The Cholla typeface family was designed in 1998–99 by Sibylle Hagmann and named after a species of cactus indigenous to the Mojave Desert. Cholla was originally developed for Art Center College of Design in Pasadena, California. Denise Gonzales Crisp, then art director of the college’s design office, collaborated with Sibylle Hagmann to design a family of typefaces that would include a vast variation of font weights. This diversity of styles was applied to echo the institution’s different areas of study, yet the typefaces were to exhibit a unified feel.
Formally the individual styles have slightly varying personalities with subtly distinct ideas applied, but all weights share a tapered curve marked out as, for example, in the lowercase a’s bottom transition from the stem into the bowl as their unifying detail. The Cholla family was first used in the radically designed 1999/2000 Art Center catalog, which won a honorable mention in I.D. magazine and was featured in EYE, 31. Cholla’s original weight range as designed for ACCD included 12 different styles.
The extended range of 20 weights, bundled into Cholla Sans, Cholla Slab, Cholla Wide, and Cholla Unicase subfamilies, was included in Emigre’s font library and offered for distribution soon after the foundry received a catalog (mailed by Denise Gonzales Crisp) that featured Cholla. The typeface family was introduced in Emigre magazine #50, “Think Ink”, and became successful in the following years.
Cholla received some awards, among them one for Excellence in Type Design from the Type Directors Club of New York in 2000. The Cholla type family was a winning entry of bukva:raz!, an international type design competition of the Association Typographique Internationale (ATypI) in 2002. It is featured in Language Culture Type, edited by John Berry and published by Graphis, New York, 2002, a publication that presents the winning entries of bukva:raz!.

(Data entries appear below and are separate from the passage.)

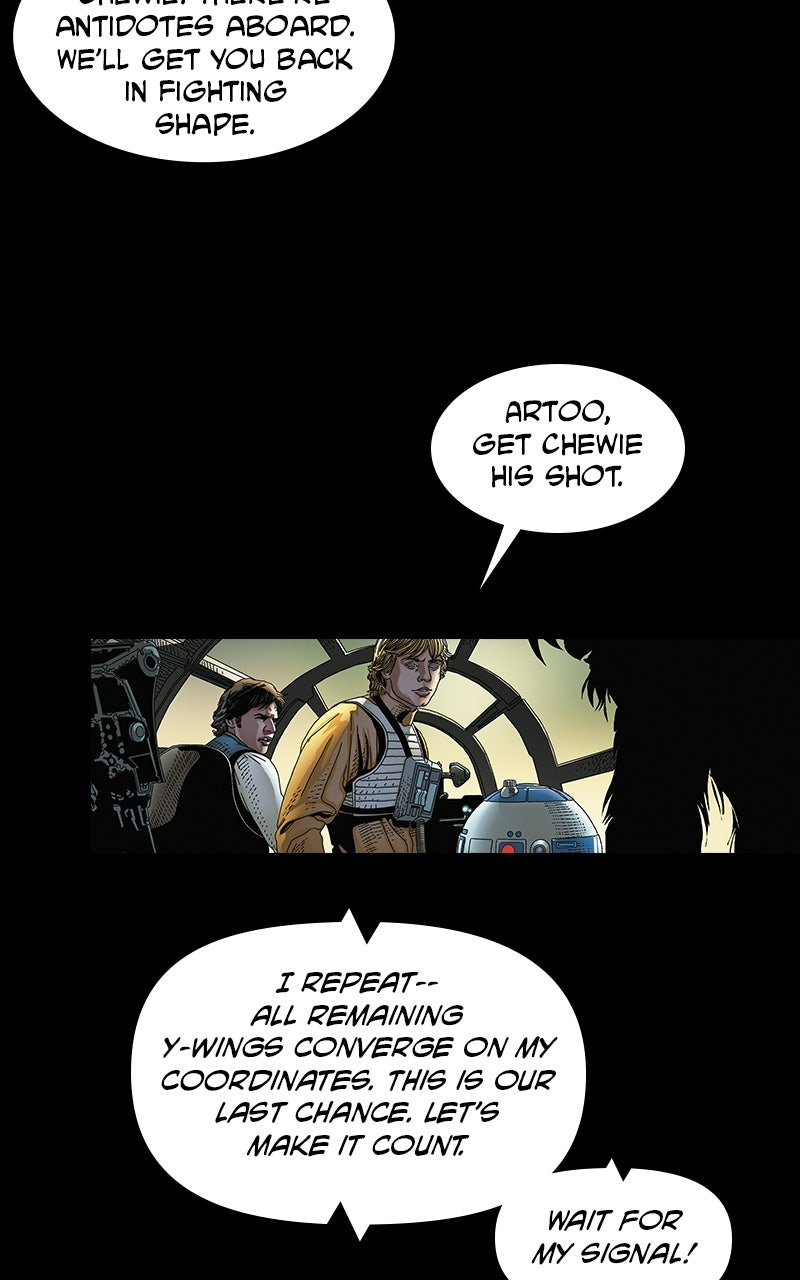 Star Wars™ (2015) Chapter 26 page 29 - 
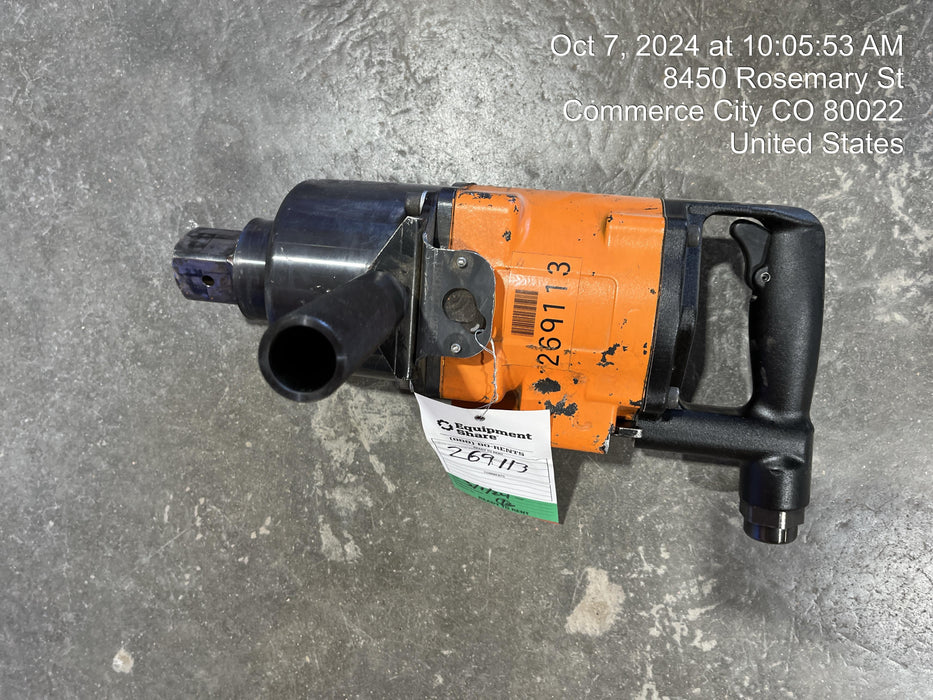 2022 MICHIGAN PNEUMATIC ES-4955B2-TRACKER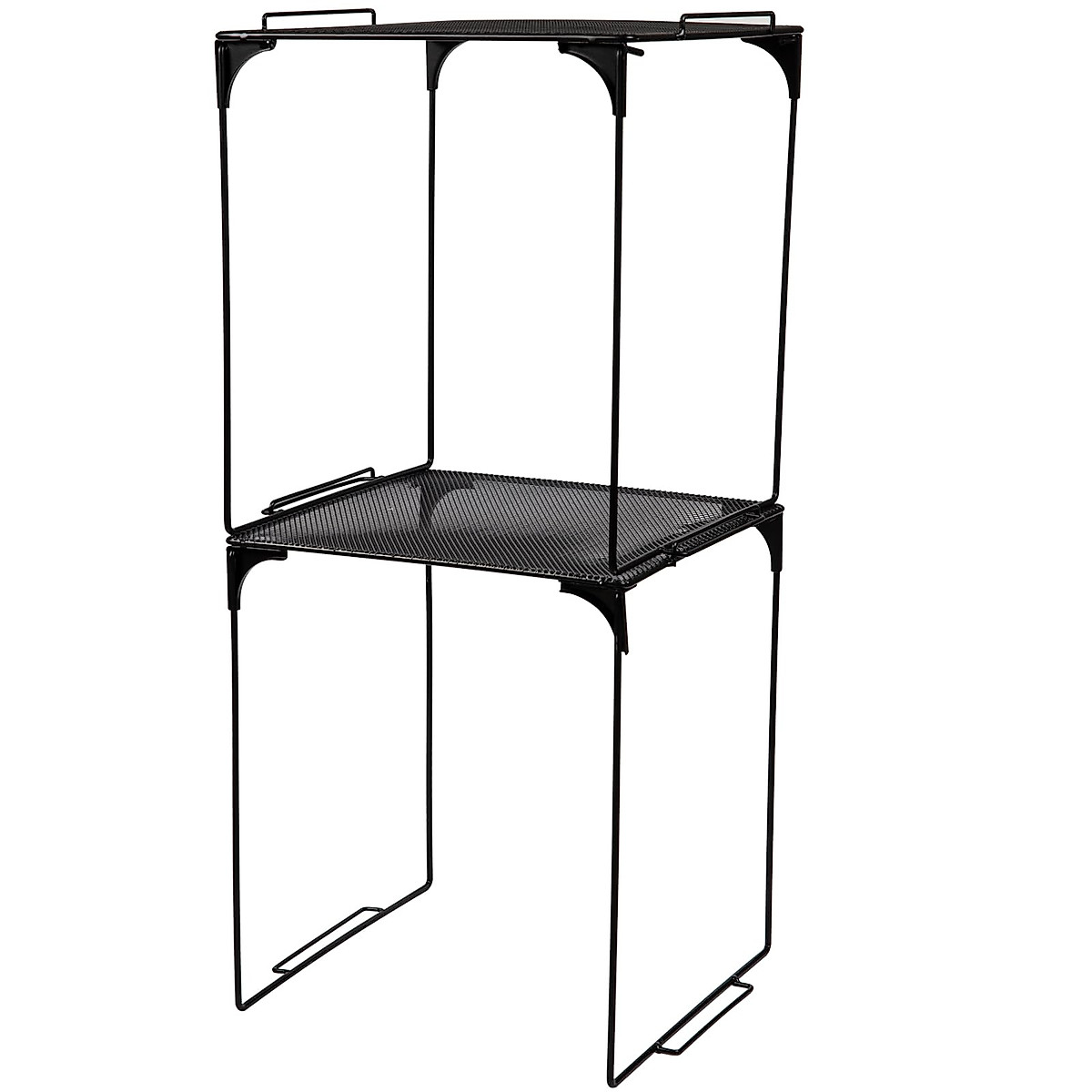 Svartur Stackable Locker Shelf - Maximize Space & Stay Organized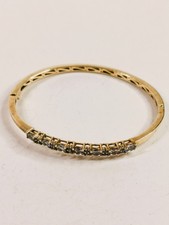 Gold Vermeil over Sterling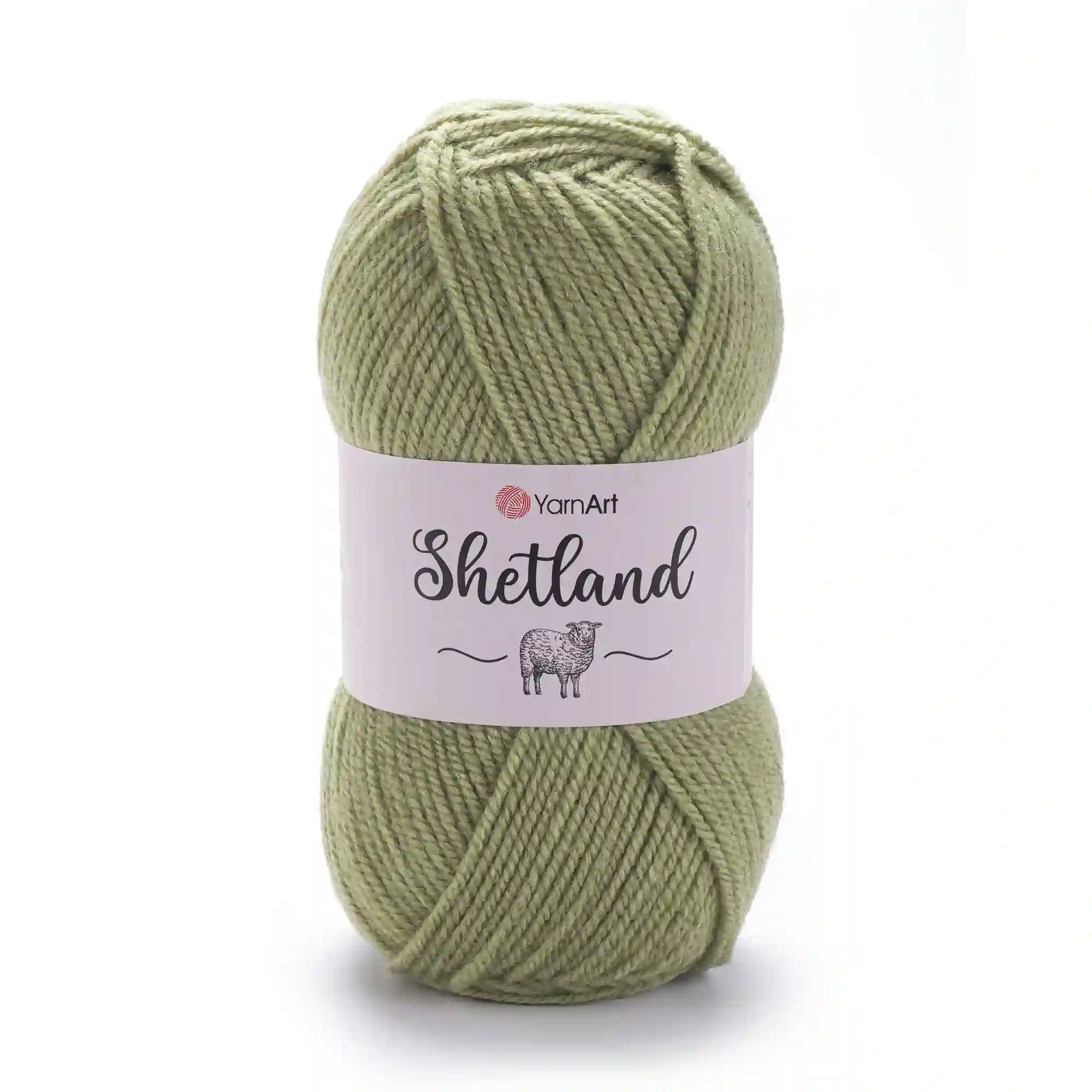 Yarnart Shetland 525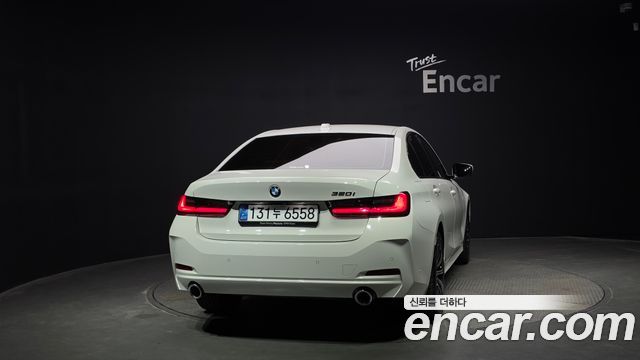 BMW 3-Series G20 320i - фото 2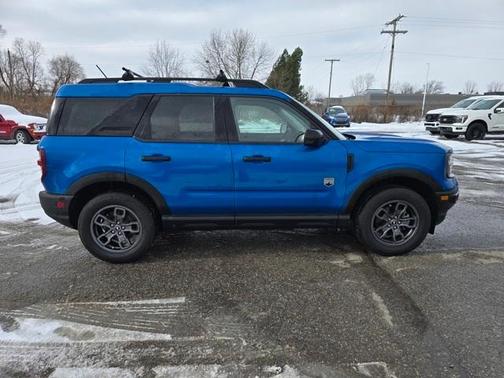 2022 Ford Bronco Sport Big Bend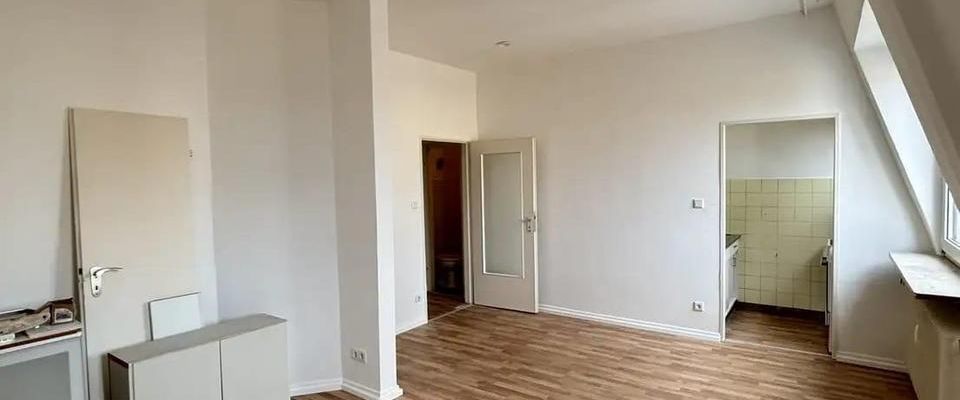 1 Zimmer Wohnung mit EBK - Foto 1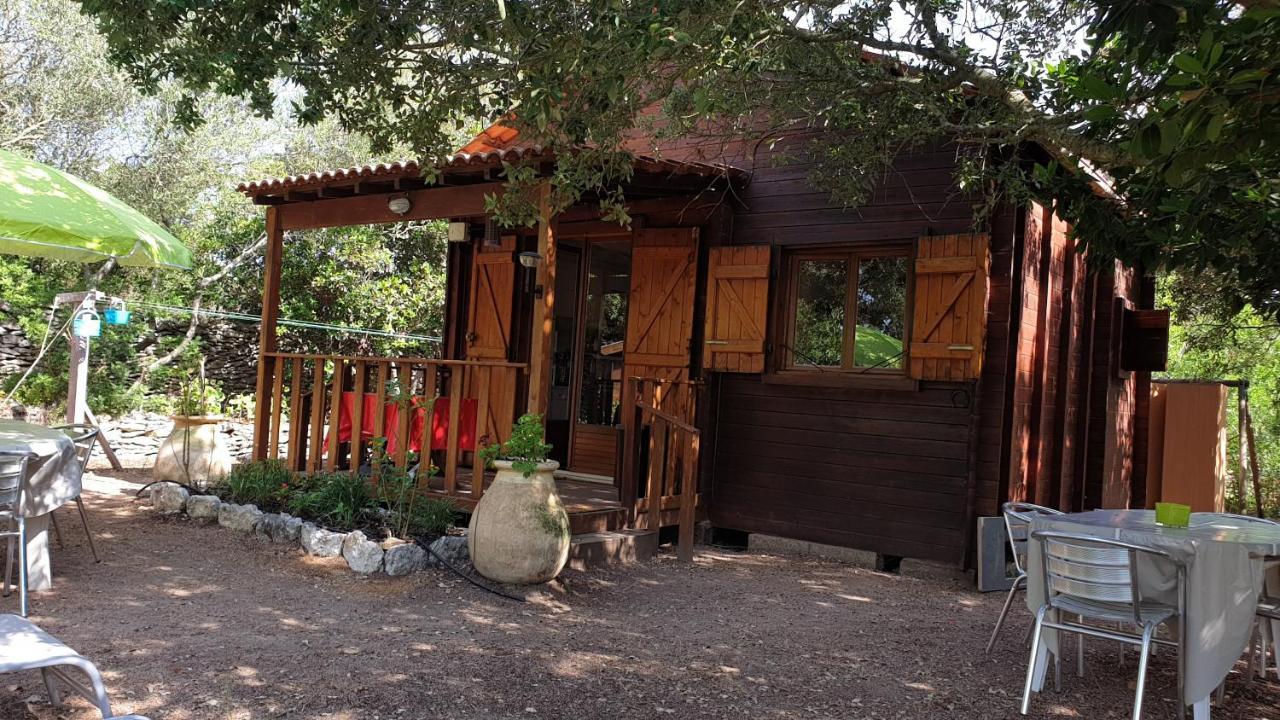 Chalet Bati Bonifacio  Eksteriør billede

Cholla was one of the typefaces showcased in the exhibition Frische Schriften (Fresh Type), at the Museum für Gestaltung, Zürich, Switzerland, in 2004. Experimental Typography, edited by Teal Triggs and published by Thames & Hudson showcases in-depth sketches of Cholla’s development. Frische Schriften (Fresh Type), Edition Museum für Gestaltung Zürich, 2004, with texts from Andres Janser, François Rappo, and Fred Smeijers also includes a feature on Cholla.